連載

【39LIVE】 第5回~JUNGAPOP~
TEXT & PHOTO:鈴木亮介

クリスマスが近づき、イルミネーションできらめく街。「今年の流行語は…」「2012年を表す漢字一文字は…」なんて話題がのぼるようになりました。東日本大震災の発生から一年半以上が経過し、良くも悪くも震災の悲しみが人々の意識から薄れつつあるのは事実です。それでも、一年間を振り返ることが多いこの年末は、改めて「今生きていること」「日々生活していること」への感謝をせずにはいられません。

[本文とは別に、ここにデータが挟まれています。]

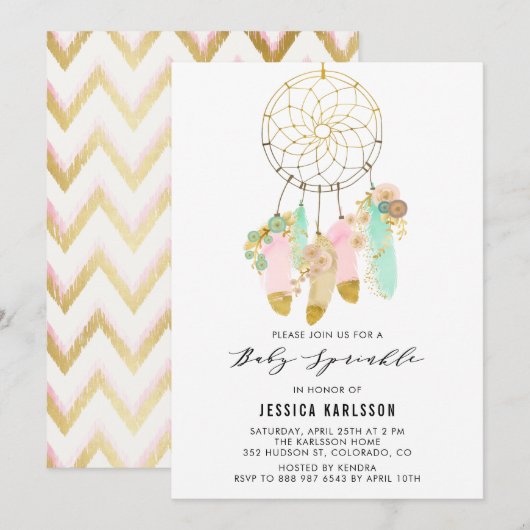 Invitation Pastel Dreamcatcher Faux Gold Foil Baby Sprinkl (Devant / Derrière)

人と人、心と心をつなぐ「絆」を深めるために、BEEASTにできることは何か……そう考え続け、たどり着いた答えの一つとして、「ロックと生きる…ライフスタイル応援マガジン」を掲げるBEEASTは、ミュージシャンと音楽ファンの絆を深める「39LIVE(サンキューライヴ)」を定期開催します。BEEASTを支えてくださる読者の皆様、ミュージシャンの皆様への「Thank you」を込めて、事前抽選による30名限定のプレミアムライブです!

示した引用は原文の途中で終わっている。